Sonsuzluğu kucaklamak istediğimiz anların kollarına hüzün ağrıları inince bir gergefin deliklerinden ılık ılık akar gözlerimiz. Ağrılı gecelerin nemli bunaltısı çökünce bedenimize yeli bekler ruhumuz. Yanık ormanların üzerinden sessizce geçerken kuşlar, toprak yazgısıyla kanar, kuşlarla birlikte böcekler de bu ani değişime ağlar.
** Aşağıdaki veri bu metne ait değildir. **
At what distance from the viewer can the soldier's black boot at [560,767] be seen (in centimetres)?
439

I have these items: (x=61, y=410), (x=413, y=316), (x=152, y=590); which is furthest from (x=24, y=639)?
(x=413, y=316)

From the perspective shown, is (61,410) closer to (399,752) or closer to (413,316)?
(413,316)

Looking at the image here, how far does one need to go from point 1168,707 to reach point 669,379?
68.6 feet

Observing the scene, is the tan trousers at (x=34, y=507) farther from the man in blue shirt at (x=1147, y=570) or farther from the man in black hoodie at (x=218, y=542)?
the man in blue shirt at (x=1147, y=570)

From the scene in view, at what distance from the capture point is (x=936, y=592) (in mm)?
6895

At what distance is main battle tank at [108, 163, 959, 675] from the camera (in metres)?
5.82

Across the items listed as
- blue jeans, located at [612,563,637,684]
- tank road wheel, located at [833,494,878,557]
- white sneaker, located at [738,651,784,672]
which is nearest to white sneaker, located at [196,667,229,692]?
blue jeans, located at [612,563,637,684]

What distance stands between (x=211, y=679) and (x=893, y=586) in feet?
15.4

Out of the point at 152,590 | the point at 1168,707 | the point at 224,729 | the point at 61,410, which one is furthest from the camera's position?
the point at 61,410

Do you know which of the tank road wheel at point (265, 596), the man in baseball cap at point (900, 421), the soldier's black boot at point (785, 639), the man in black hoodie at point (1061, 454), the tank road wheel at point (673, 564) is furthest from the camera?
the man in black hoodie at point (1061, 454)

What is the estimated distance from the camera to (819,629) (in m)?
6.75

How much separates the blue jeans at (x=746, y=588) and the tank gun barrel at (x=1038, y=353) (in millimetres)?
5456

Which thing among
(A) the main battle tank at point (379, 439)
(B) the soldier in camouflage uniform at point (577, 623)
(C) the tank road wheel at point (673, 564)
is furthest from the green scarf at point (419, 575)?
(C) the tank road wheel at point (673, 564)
Bir döngüdür hep yaşanan, anların duruşmalarından inadına yaşamın gerçekleri aklanarak çıkar.
Yoldukça yaralarımızın kabuklarını, tırnaklarımızın güçsüz sağrısıyla yüreğimizi okşar ellerimiz. Kayıp bir tükenişin şarkılarıyla geçeriz günleri, dudaklarımızdaki hercai mevsimlerle dağlarda kardelenler öksüzdür. Gönül fonumuzdan mutluluk resimleri geçer, sarılışlar kendine küskündür. Dualarımızın mırıltıları sevdayla, birazdan geceler sabaha vurur, yankımız aynı odada birbirini bulur, aşk, ezilmiş bir çiçeğin kırmızı suyudur, özlemlerle er geç kendini kurutur.
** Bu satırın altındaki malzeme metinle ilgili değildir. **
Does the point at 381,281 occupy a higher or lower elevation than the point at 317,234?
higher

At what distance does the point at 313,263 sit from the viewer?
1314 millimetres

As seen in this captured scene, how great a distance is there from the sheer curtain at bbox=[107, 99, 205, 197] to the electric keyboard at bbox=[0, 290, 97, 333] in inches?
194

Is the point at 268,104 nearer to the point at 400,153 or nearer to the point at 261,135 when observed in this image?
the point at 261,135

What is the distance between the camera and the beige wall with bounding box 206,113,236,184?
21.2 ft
Eğildikçe yorgun bağrıma dünlerin izlerini anımsatma dudaklarıma. Her fırtına öncesi sessizliğimin damarlarını titretme hüzünlü bakışlarınla. Bağlarımda, ovalarımda ve gürüldeyerek asırlardır akan aşk ırmaklarımda bir yer ara kadın varlığına. Okşa en bakir duygularınla, ilişmeden sevda yaralarıma. Sen yokken, varlığının bütün resimlerine şiirler yazdım ben, sen dörtnala geçerken iklimlerinden. Her satırı seni anlatan dizelerimi ezberleyerek otur gül yüreklim gönül tahtıma.
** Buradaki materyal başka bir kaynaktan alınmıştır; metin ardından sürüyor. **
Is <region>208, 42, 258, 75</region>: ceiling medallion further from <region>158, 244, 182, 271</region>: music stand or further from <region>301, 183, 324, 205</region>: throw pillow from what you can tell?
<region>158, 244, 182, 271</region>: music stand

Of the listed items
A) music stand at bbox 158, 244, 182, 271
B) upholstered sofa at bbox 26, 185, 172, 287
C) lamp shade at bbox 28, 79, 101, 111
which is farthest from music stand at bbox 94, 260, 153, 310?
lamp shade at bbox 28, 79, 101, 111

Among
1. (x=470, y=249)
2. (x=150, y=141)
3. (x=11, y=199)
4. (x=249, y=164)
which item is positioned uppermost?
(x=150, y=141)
Şifalı gülümseyişlerinin bağlarından rüzgâr topladım yokluğunda ceplerime. Sensiz tıkırtılı saatlerin dişlilerine taşlar sıkıştırdım, doldurulamamış günlerin şafaklarına kahrederek. Gecelerin doyumsuz karelerinde şenlikler yapıyordun oysa sen, aşkın askerlerine badeler dağıtırken. Atlılar geçti seven göğsümden. Kılıçlandım, oklandım ve burçlara asıldım, görmedin. Seni sevmenin iksirleri dolaşıyordu gövdemde, güneşlerde kavruldum yar, ah ben aşkın çarmıhlarında yine de ölmedim.